Quali sono in questo mese di ottobre 2016 i migliori conti correnti? Quali sono le migliori offerte, i costi più convenienti e le soluzioni a costo zero? Un dato è subito davanti agli occhi: la scelta del web continua a essere quella più economica. Le stesse banche propongono costi differenti in base alla scelta del cliente. Tanto per essere più precisi: Qubì di Ubi Banca propone conti correnti con costo allo sportello di 74,10 euro e online di 63,10 euro, In Novo Conto Pratico di Bnl con costo allo sportello 169,35 euro e online di 83,95 euro. A chiudere il podio c’è Facile di Intesa con costo allo sportello 115,80 euro e online di 83,95 euro. A seguire ci sono Premiaconto di Banco Popolare, Italiano per noi di Monte dei paschi di Siena, Comodo di Credem, Solo Tuo Evoluto di Banca Carige, Famiglia di Cariparma, My Genius di Unicredit, New Welcome di Popolare Milano.

Sul web i conti correnti più convenienti sono quelli di Hello! Money (Banca nazionale del lavoro) con tasso annuo creditore per i primi 9 mesi pari a 0,50% da 5 a 25 mila euro, 1% da 25mila a 100mila euro, Conto Arancio (Ing Direct) con tasso annuo debitore nominale del 7%, Conto Webank (Bpm), IW Conto (Ubi), Conto Widiba (Monte dei paschi di Siena) con tasso annuo creditore allo 0,25%.

Per una volta le banche italiane sono in testa in Europa: peccato che il primato sia negativo e riguardi il costo delle commissioni che valgono il 36,5% dei ricavi totali. Per la Cgia di Mestre sulla base dei dati del 2015, i ricavi netti derivanti dalle commissioni bancarie hanno sfiorato i 30 miliardi di euro, (quasi 5 miliardi in più rispetto al 2008), frutto di un’escalation negli ultimi 7 anni (2008-2015) relativa alla crescita dei costi dei conti correnti, delle carte di credito e degli altri servizi bancari. Un’impennata del 20% contro l’11,5% del Regno Unito, l’11,1% della Francia o, addirittura, il calo in Germania (-4,6%) e Belgio (-7%) e soprattutto Paesi Bassi (-27%).
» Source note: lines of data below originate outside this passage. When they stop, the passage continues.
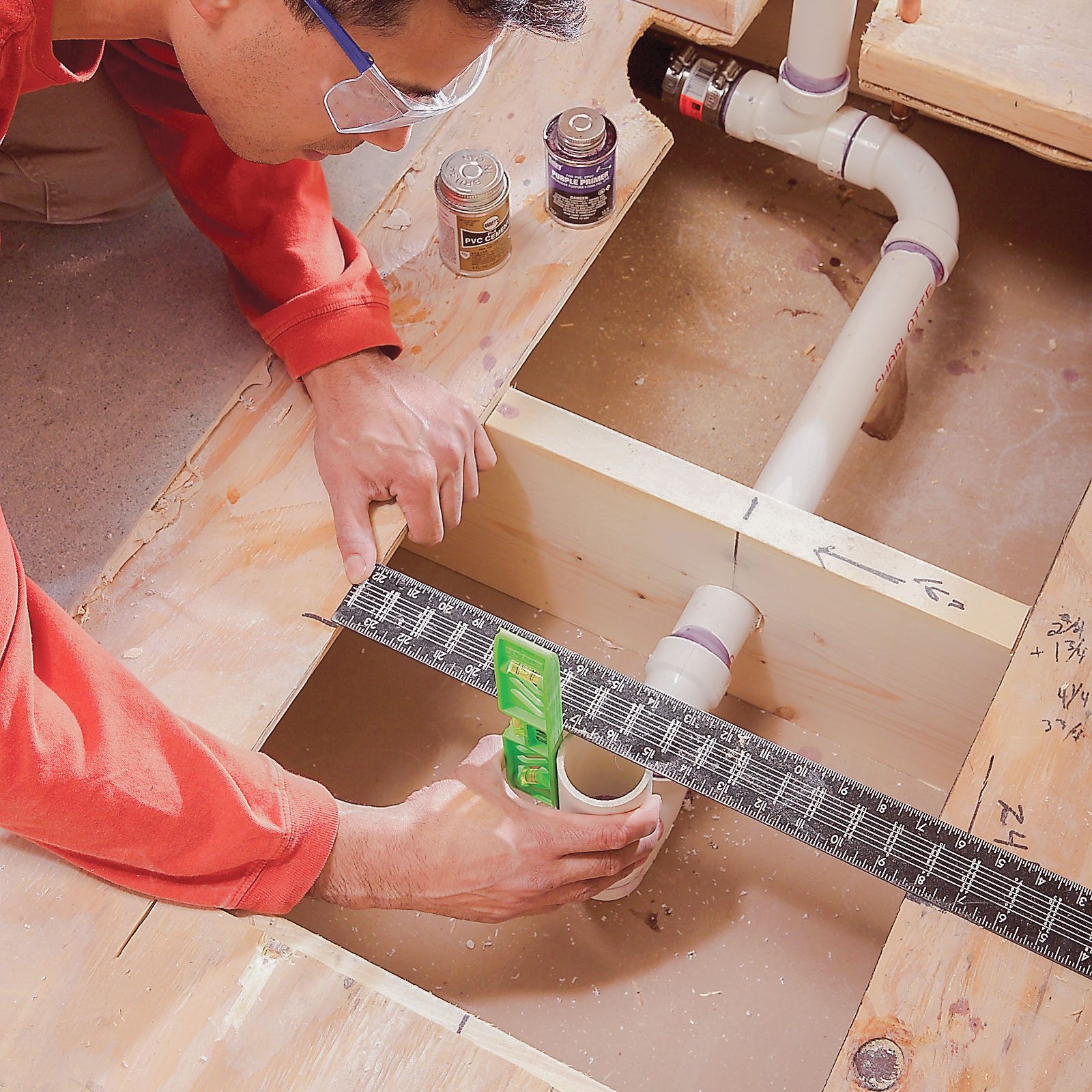 Run the new drain pipe
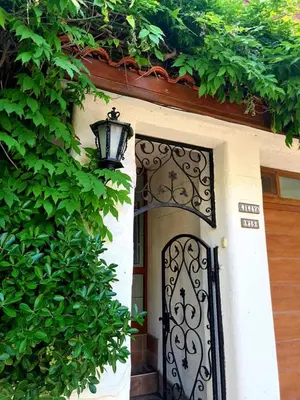a door to a house with a lamp on it at Цар Калоян in Primorsko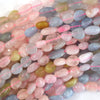 6mm - 8mm natural multicolor morganite pebble nugget beads 15.5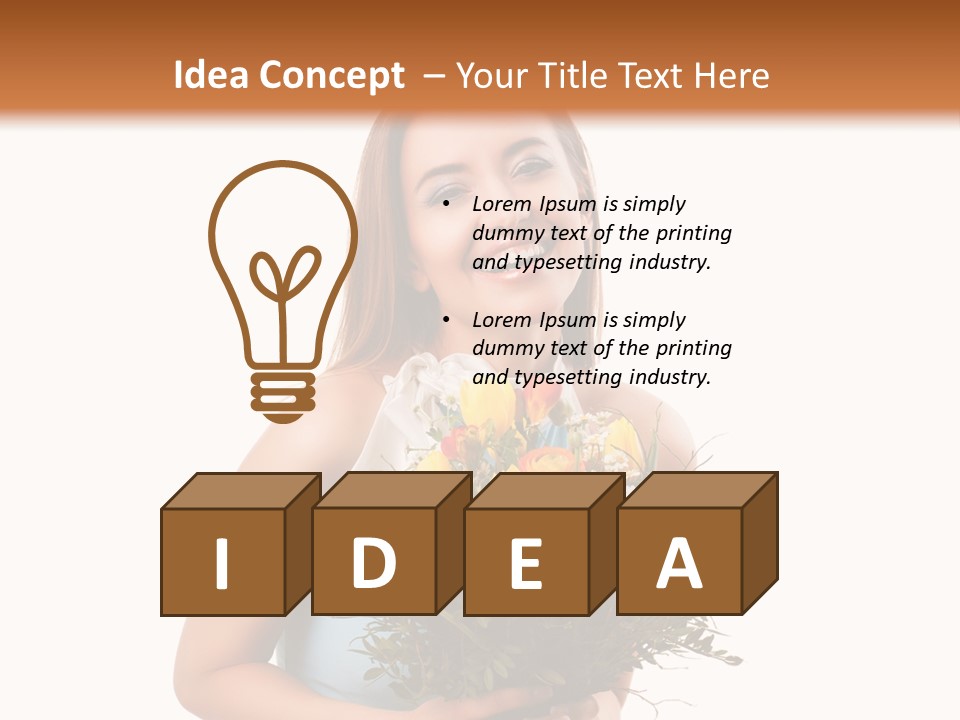 Isoliert Lachend Strau PowerPoint Template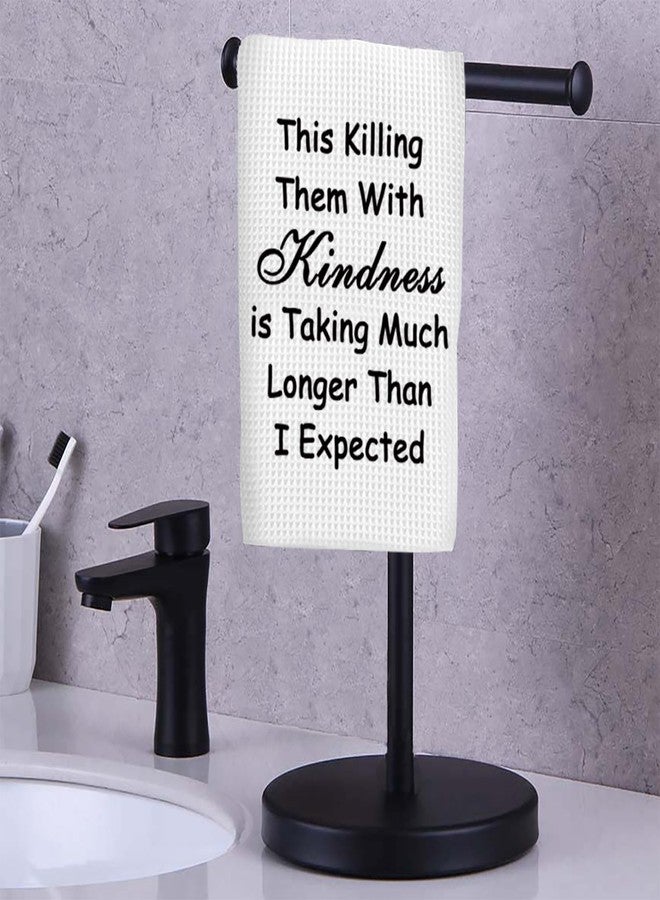 ليفلو منشفة مطبخ LEVLO بتصميم "Killing Them with Kindness" الساخرة، منشفة أطباق بنسيج الوافل، هدية طبخ فكاهية لها (Killing Them with Kindness) - Image 4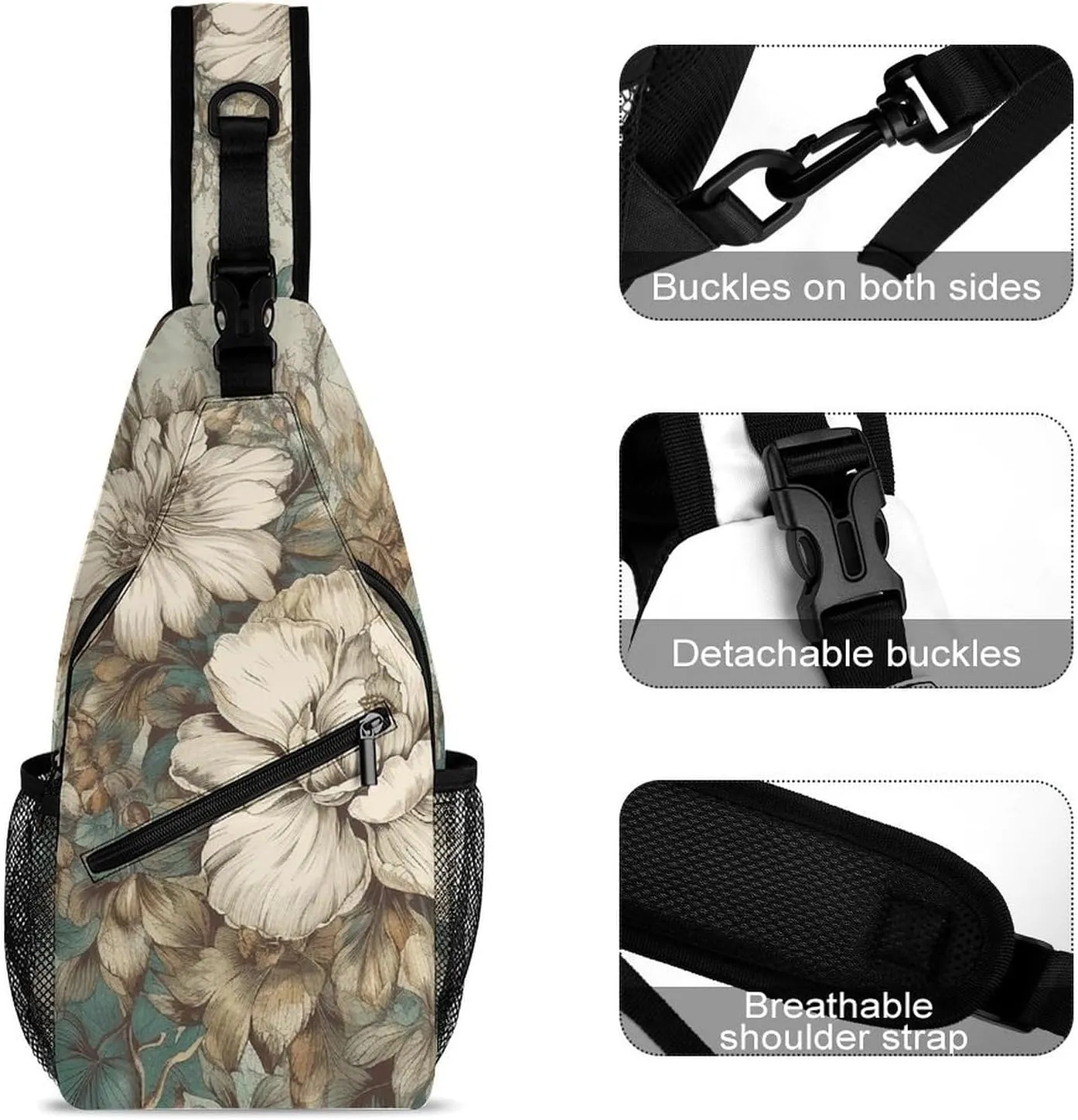 Brown Floral Pictures Sling Backpack Crossbody Sling Bag Chest Bag Daypack Fanny Pack Cross Body Bag for Outdoors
Il 36,5% di incidenza delle commissioni allo sportello sui ricavi – sempre secondo la Cgia – si raffronta al 32,9% della Francia, mentre in Austria sono al 27,5%, in Germania al 26,2% e nei Paesi Bassi al 17%. Rincara la dose l’Adusbef, secondo cui il sistema bancario italiano è «fra i meno concorrenziali e dai più alti costi dei conti correnti» in Europa, con 318 euro in media «contro i 114 euro delle banche europee». Il Codacons, altra associazione di consumatori, annuncia un’offensiva contro la «tassa sui salvataggi bancari introdotta da alcuni istituti di credito per rientrare dei costi del Fondo nazionale di risoluzione»: in arrivo un modulo sul proprio sito con cui i correntisti potranno diffidare la propria banca dall’applicare spese riconducibili ai salvataggi.